The Think-Aloud Controversy in Second Language Research
Published May 5th 2010 by Routledge – 168 pages
The Think-Aloud Controversy in Second Language Research aims to answer key questions about the validity and uses of think-alouds, verbal reports completed by research participants while they perform a task. It offers an overview of how think-alouds have been used in language research and presents a quantitative meta-analysis of findings from studies involving verbal tasks and think-alouds. The book begins by presenting the theoretical background and empirical research that has examined the reactivity of think-alouds, then offers guidance regarding the practical issues of data collection and analysis, and concludes with implications for the use of think-alouds in language research. With its focus on a much-discussed and somewhat controversial data elicitation method in language research, this timely work is relevant to students and researchers from all theoretical perspectives who collect first or second language data. It serves as a valuable guide for any language researcher who is considering using think-alouds.

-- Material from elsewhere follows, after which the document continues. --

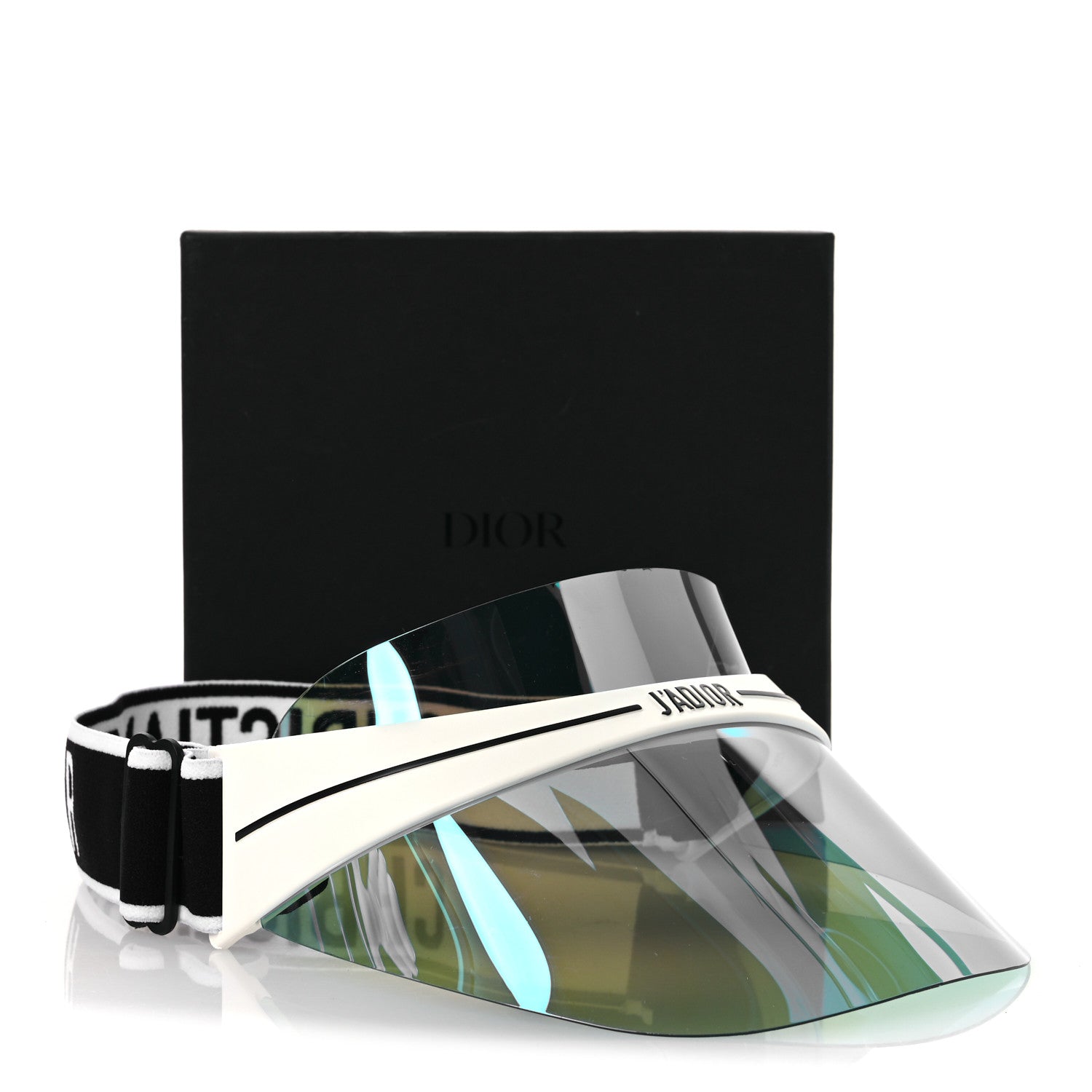Christian Dior Mirrored DiorClub1 Sun Visor Blue 10 of 10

Chapter 1: The use of verbal reports in language research. Chapter 2: Controversy over the use of think-alouds. Chapter 3: Features that Make a Task Amenable to Think-Aloud: A Meta-analysis of Studies Investigating the Validity of Think-Alouds on Verbal Tasks. Chapter 4: Data Collection Considerations. Chapter 5: Data Analysis Considerations. Chapter 6: Conclusion. Appendix A: Studies Included in the Meta-Analysis. Appendix B: Summary of Unique Sample Studies.
Melissa A. Bowles is Assistant Professor of Spanish, Linguistics, and SLATE (Second Language Acquisition and Teacher Education) at the University of Illinois at Urbana-Champaign. Her main research interests are instructed second/heritage language acquisition and research methods.